Passports, visas, residence and work permits, and journalists’ overseas accreditations have been a recurring thread in my work for the last few years*—the inevitable result of writing about an American journalist who spent much of her life in Europe. Working her way through bureaucratic red tape to be sure she had the correct permissions to go where she she needed to be was a fact of life for Sigrid Schultz. She took it seriously, even when the home office back in Chicago thought she was being fussy, because she knew border officials in Europe took proper documentation seriously.
In the years between the two world war, when Schultz was active, official identity documents were important. Millions of people were left stateless by a combination of the changes that reshaped the map of Europe, the revolutions and subsequent civil war in Russia, the Armenian genocide in the former Ottoman Empire and the constant small-scale wars between the new states created by the peacemakers in Versailles. Without valid passports, homeless refugees found it almost impossible to find asylum in countries that were already in economic distress due first to the ravages of war and later to the great depression.

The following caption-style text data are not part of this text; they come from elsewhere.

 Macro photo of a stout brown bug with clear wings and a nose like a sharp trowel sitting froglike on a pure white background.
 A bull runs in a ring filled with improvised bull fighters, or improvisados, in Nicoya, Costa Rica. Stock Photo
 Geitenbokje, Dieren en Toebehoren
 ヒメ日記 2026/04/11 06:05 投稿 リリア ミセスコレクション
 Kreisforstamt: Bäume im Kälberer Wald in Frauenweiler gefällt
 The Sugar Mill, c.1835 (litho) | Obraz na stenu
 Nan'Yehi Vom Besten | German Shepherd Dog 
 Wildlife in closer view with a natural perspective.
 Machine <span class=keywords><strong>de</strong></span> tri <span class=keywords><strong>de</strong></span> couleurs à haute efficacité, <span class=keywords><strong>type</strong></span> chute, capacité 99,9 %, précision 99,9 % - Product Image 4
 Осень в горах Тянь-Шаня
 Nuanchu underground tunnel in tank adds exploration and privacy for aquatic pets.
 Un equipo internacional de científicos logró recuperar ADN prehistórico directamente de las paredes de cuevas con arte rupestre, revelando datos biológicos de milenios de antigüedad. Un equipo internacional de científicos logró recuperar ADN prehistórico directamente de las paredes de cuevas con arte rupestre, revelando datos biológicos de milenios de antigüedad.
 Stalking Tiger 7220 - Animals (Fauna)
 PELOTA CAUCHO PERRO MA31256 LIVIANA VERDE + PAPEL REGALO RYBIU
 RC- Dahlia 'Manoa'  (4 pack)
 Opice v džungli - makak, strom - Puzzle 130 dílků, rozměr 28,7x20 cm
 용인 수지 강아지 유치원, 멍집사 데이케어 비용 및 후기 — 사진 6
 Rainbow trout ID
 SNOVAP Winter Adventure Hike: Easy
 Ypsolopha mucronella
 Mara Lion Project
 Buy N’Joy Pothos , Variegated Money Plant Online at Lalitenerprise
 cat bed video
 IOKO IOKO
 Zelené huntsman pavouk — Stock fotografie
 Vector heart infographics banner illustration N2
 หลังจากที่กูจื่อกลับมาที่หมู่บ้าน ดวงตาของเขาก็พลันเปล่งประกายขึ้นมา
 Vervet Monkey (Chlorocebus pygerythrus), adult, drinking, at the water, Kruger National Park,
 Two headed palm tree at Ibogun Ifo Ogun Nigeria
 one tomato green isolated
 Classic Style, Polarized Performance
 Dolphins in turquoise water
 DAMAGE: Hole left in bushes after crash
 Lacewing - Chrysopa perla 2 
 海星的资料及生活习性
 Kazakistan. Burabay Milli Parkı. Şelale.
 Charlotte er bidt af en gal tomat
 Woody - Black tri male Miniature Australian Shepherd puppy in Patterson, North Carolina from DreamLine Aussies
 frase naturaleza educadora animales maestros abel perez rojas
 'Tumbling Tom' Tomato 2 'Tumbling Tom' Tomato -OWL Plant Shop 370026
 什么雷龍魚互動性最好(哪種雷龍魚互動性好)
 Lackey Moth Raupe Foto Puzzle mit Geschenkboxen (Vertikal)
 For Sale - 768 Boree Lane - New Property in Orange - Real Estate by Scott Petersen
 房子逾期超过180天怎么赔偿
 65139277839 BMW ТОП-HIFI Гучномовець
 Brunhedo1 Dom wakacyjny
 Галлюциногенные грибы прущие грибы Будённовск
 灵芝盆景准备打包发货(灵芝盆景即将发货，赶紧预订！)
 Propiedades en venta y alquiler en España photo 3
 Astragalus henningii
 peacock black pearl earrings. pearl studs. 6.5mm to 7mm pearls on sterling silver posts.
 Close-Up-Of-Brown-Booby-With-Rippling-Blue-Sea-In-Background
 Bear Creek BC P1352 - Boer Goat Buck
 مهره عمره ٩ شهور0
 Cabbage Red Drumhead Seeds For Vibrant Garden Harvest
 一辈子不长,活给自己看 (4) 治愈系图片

A Norwegian polar explorer turned diplomat named Fridtjof Nansen had successfully organized the repatriation of prisoners of war after World War I. In 1921, the League of Nations named him head of the Office of the High commissioner for Refugees, with a mandate to repatriate the refugees or arrange for them to be distributed between other countries. It soon became clear the many of the refugees couldn’t or wouldn’t return to the countries they had left.
His budget did not allow him to give direct aid to refugees. Instead he proposed a solution that became known as the Nansen passport—a certificate issued by the country in which the homeless had taken refugee that served as both a valid form of identification and a travel permit. The passport did not grant its holders citizenship, but it allowed them them to cross borders in search of work and family members and protected them from deportation.* It was ultimately recognized by 52 countries.
Roughly 450,000 refugees, most of them Russian and Armenian, carried Nansen passports between between 1922 and 1942.
*It also provided governments with a tool for tracking refugees. Identity documents always have a dark side.